PROVIDED MATERIAL
▬▬▬▬▬▬▬▬▬▬
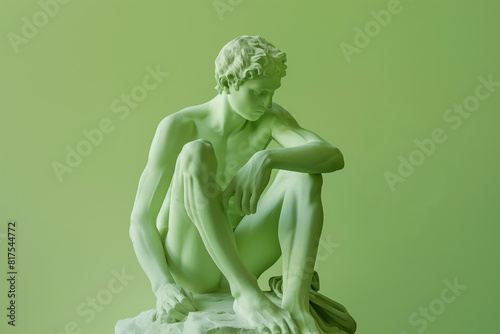 3d rendering of ancient greek -roman  statue art  figure  . Creative concept colorful neon image with bright and vivid  lime green color background, fashionable, trendy ,isolated background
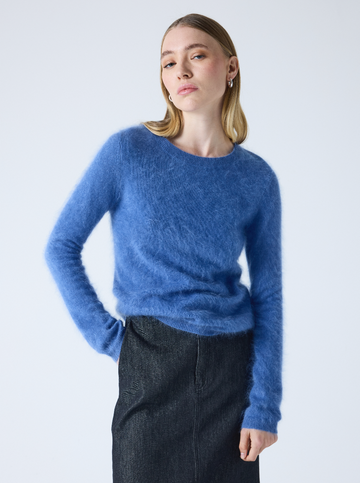 denim blue crew neck cashmere jumper with long sleeves and hairy textured feeling
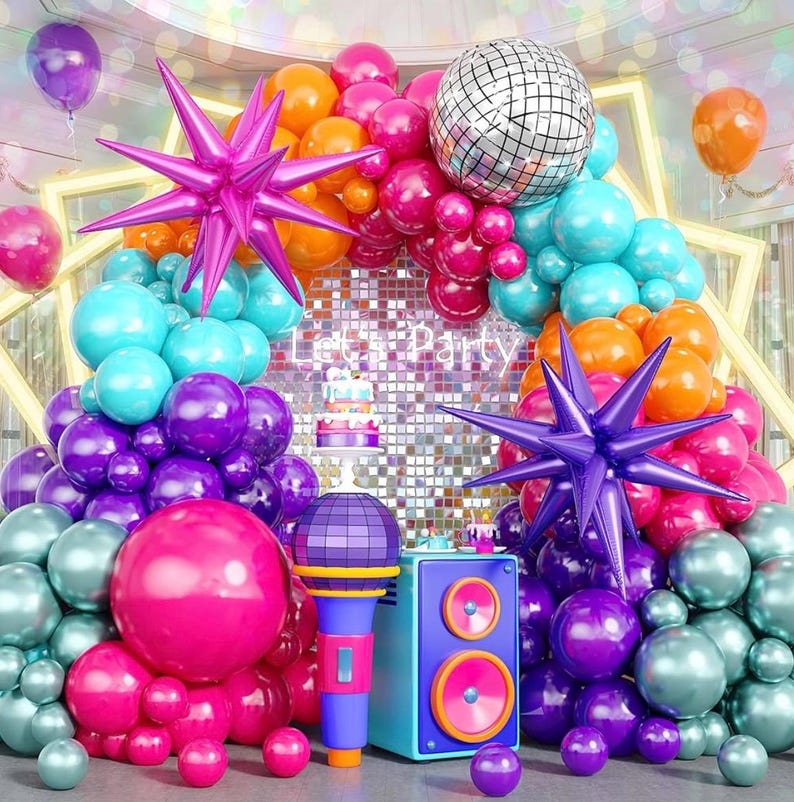 Disco Balloon Arch 125PCS 80s Balloon Arch Kit mit Hot Pink and Purple Teal Orange Metallic Green Balloons 22in Disco Ball Balloons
▬▬▬▬▬▬▬▬▬▬
TRY IT
Copy all the material exactly; omit images.

RESPONSE AREA
 3d rendering of ancient greek -roman  statue art  figure  . Creative concept colorful neon image with bright and vivid  lime green color background, fashionable, trendy ,isolated background
 denim blue crew neck cashmere jumper with long sleeves and hairy textured feeling
 Disco Balloon Arch 125PCS 80s Balloon Arch Kit mit Hot Pink and Purple Teal Orange Metallic Green Balloons 22in Disco Ball Balloons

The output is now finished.